» TASK STATEMENT
Lines that include the string "Rent" are the ones to copy from the entries below.

(Short descriptive text snippets)
* * * * * * * * *

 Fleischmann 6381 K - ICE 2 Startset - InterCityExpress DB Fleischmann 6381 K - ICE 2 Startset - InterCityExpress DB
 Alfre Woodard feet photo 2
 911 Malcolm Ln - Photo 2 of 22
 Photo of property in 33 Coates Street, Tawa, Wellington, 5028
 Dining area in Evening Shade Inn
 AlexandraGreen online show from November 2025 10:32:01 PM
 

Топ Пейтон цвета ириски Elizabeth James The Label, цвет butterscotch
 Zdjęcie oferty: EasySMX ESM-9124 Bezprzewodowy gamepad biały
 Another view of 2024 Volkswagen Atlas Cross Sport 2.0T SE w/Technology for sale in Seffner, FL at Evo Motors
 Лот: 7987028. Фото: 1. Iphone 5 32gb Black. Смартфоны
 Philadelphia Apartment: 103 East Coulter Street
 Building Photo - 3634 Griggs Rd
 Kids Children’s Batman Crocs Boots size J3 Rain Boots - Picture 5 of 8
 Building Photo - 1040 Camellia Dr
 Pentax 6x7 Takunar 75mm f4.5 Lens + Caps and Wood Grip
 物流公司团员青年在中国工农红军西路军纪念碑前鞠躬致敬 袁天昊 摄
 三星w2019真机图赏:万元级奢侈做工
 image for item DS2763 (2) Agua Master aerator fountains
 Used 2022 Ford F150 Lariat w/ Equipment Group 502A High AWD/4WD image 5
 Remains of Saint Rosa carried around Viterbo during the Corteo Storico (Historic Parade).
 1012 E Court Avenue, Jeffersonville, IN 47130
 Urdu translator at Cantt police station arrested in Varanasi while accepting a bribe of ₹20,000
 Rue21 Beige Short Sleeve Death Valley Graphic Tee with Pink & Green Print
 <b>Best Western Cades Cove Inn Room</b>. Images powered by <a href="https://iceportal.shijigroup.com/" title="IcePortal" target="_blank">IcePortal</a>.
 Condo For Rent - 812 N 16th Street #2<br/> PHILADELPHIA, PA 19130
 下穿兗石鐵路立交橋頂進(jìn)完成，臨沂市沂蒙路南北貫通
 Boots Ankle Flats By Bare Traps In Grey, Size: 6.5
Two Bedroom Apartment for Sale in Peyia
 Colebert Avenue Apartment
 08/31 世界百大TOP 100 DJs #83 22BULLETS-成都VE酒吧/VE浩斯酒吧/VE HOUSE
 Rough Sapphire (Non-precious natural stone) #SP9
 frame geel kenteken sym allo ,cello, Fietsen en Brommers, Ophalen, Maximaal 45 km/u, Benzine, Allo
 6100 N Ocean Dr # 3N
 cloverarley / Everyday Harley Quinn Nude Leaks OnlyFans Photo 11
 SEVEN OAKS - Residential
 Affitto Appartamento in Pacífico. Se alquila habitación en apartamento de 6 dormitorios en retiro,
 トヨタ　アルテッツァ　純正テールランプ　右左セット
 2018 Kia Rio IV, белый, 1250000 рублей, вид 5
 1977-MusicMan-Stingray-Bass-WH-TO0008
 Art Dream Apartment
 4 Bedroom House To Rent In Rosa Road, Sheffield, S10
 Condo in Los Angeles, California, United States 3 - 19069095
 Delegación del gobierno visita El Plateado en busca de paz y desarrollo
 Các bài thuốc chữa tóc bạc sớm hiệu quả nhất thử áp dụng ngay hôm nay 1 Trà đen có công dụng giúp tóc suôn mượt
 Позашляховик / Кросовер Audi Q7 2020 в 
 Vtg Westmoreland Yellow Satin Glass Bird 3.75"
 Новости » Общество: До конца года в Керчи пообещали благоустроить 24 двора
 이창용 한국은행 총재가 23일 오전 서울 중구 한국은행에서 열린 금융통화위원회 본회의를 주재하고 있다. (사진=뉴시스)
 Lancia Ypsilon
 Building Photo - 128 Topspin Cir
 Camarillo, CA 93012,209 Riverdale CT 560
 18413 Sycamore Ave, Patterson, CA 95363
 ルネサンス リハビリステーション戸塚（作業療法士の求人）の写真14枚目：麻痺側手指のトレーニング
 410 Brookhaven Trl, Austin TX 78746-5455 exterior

* * * * * * * * *

» PROBLEM SOLUTION
 Condo For Rent - 812 N 16th Street #2<br/> PHILADELPHIA, PA 19130
 4 Bedroom House To Rent In Rosa Road, Sheffield, S10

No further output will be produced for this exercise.